Open Questions / FAQ
Q: Does INP affect SEO? Yes, INP is a Core Web Vital and influences search rankings. Google announced that INP replaces FID in March 2024. A poor INP can hurt your visibility in search results.
Q: Can I fix INP without touching JavaScript? Partially. Reducing DOM size, avoiding complex CSS selectors, and using content-visibility: auto for offscreen content can reduce layout and paint work. But most INP issues stem from JavaScript event handlers, so some JS changes are usually needed.
Q: How do I measure INP in the field? Use the web-vitals library from Google. It reports INP values for real users. You can send them to Google Analytics, RUM tools, or your own backend. Also check CrUX in PageSpeed Insights.
Q: What's the difference between INP and FID? FID measures only the delay before the event handler starts (input delay). INP measures the entire interaction latency: input delay + handler execution + rendering. INP is a more complete metric.
Q: Should I use Web Workers for all heavy logic? Web Workers are great for pure computation (e.g., data processing, encryption) but cannot access the DOM. For DOM-heavy interactions, you still need to optimize main-thread work. Use workers in combination with yielding.
Q: How do I handle third-party scripts that cause INP? Load them asynchronously with async or defer. If they block interactions, consider lazy-loading them after user interaction or moving them to a Web Worker (if possible). Some third-party scripts offer lightweight alternatives (e.g., Google Analytics's gtag.js can be loaded with async).

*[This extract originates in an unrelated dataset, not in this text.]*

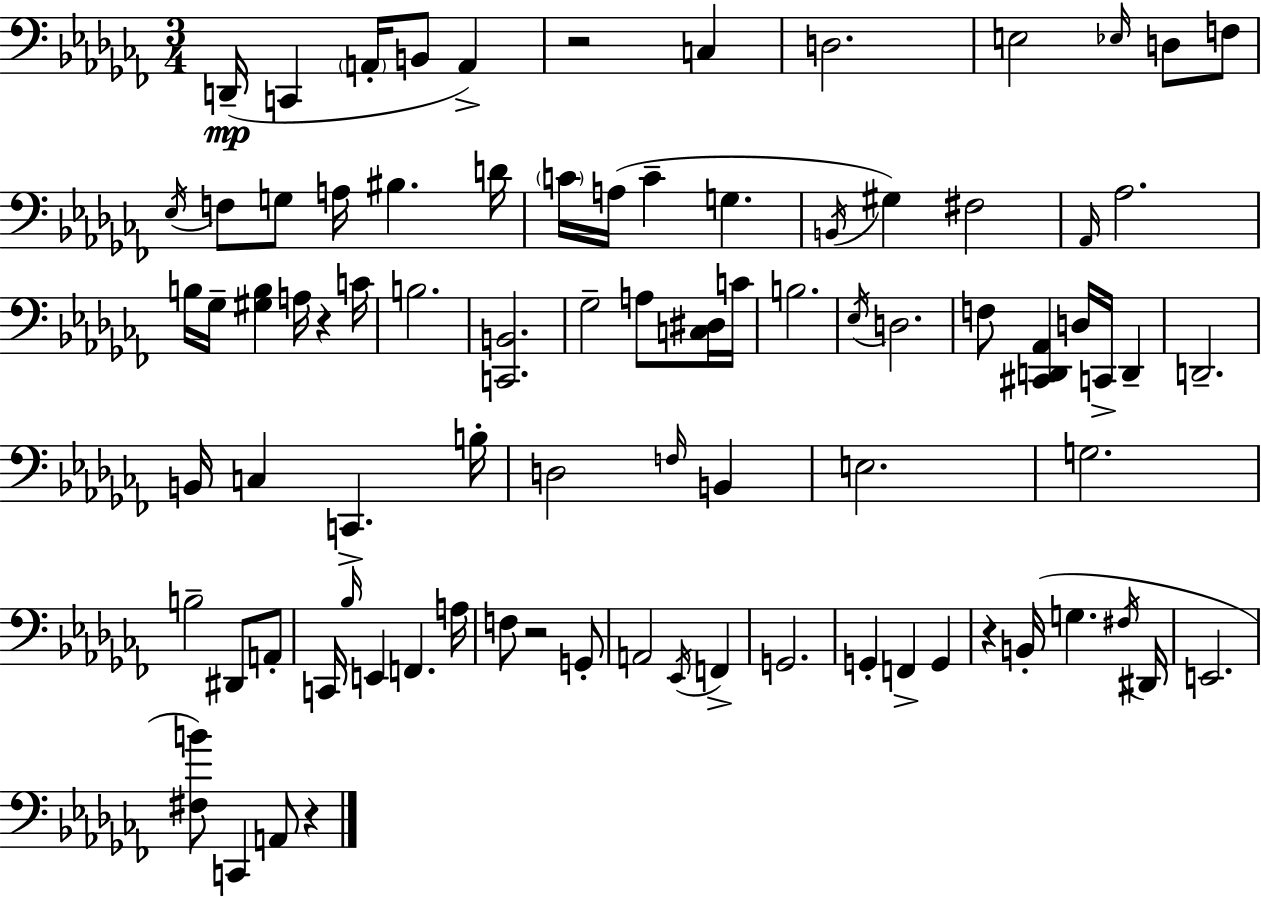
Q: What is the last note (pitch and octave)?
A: A2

Summary and Next Experiments
Improving INP is about making your site feel responsive. The core strategies are: yield to the browser, break up long tasks, avoid layout thrashing, and monitor both lab and field data. Start by profiling your most common interactions—search, filter, submit—and apply the patterns that fit your stack.
Next steps to try:
- Profile a slow interaction in Chrome DevTools and identify the longest task. Use
scheduler.yield()orsetTimeoutto break it up. - Add a performance budget for INP in your CI pipeline using Lighthouse CI.

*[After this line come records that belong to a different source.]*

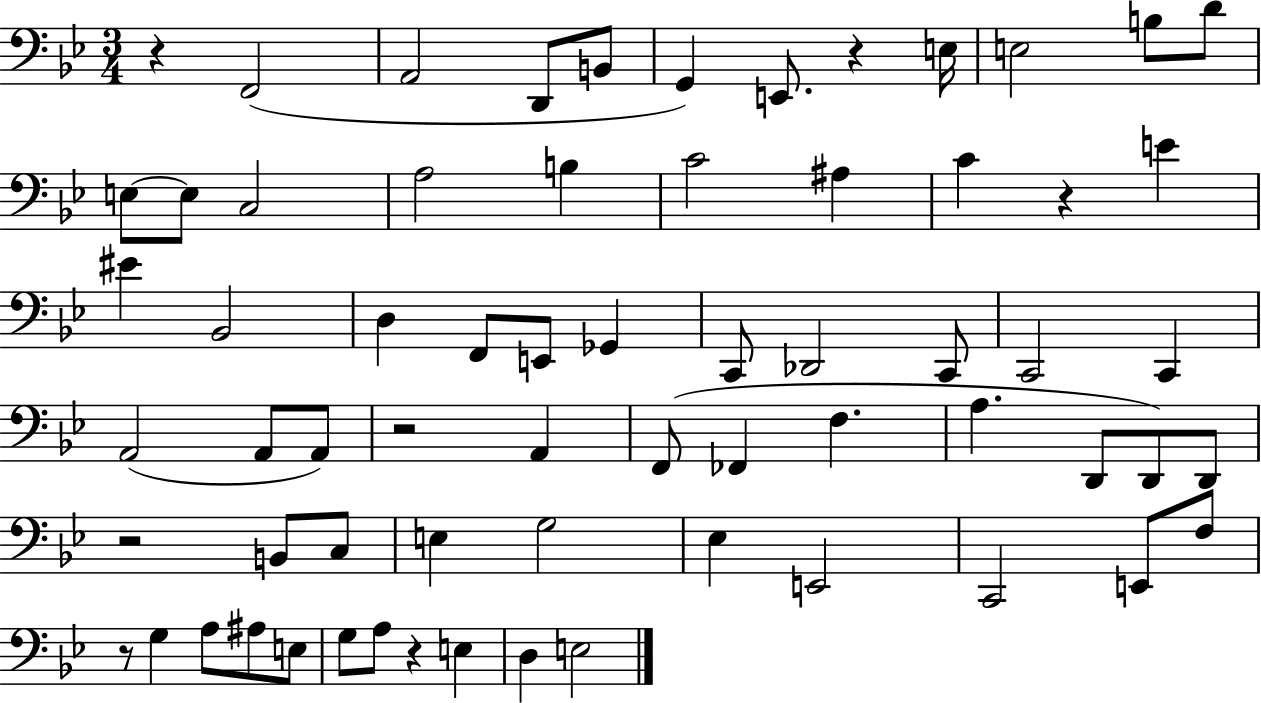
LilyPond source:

{
  \clef bass
  \numericTimeSignature
  \time 3/4
  \key bes \major
  r4 f,2( | a,2 d,8 b,8 | g,4) e,8. r4 e16 | e2 b8 d'8 | \break e8~~ e8 c2 | a2 b4 | c'2 ais4 | c'4 r4 e'4 | \break eis'4 bes,2 | d4 f,8 e,8 ges,4 | c,8 des,2 c,8 | c,2 c,4 | \break a,2( a,8 a,8) | r2 a,4 | f,8( fes,4 f4. | a4. d,8 d,8) d,8 | \break r2 b,8 c8 | e4 g2 | ees4 e,2 | c,2 e,8 f8 | \break r8 g4 a8 ais8 e8 | g8 a8 r4 e4 | d4 e2 | \bar "|."
}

- Set up RUM tracking with the web-vitals library and create a dashboard to monitor INP over time.
- Conduct a code review of your top 5 event handlers and refactor any that do too much synchronously.
- Experiment with
isInputPendingin a background task to see if it reduces perceived lag.
Remember, there's no silver bullet. Each site has unique constraints. But by systematically applying these fixes and avoiding the common pitfalls, you can bring your INP into the green and keep it there. Start with one interaction, measure the improvement, and iterate.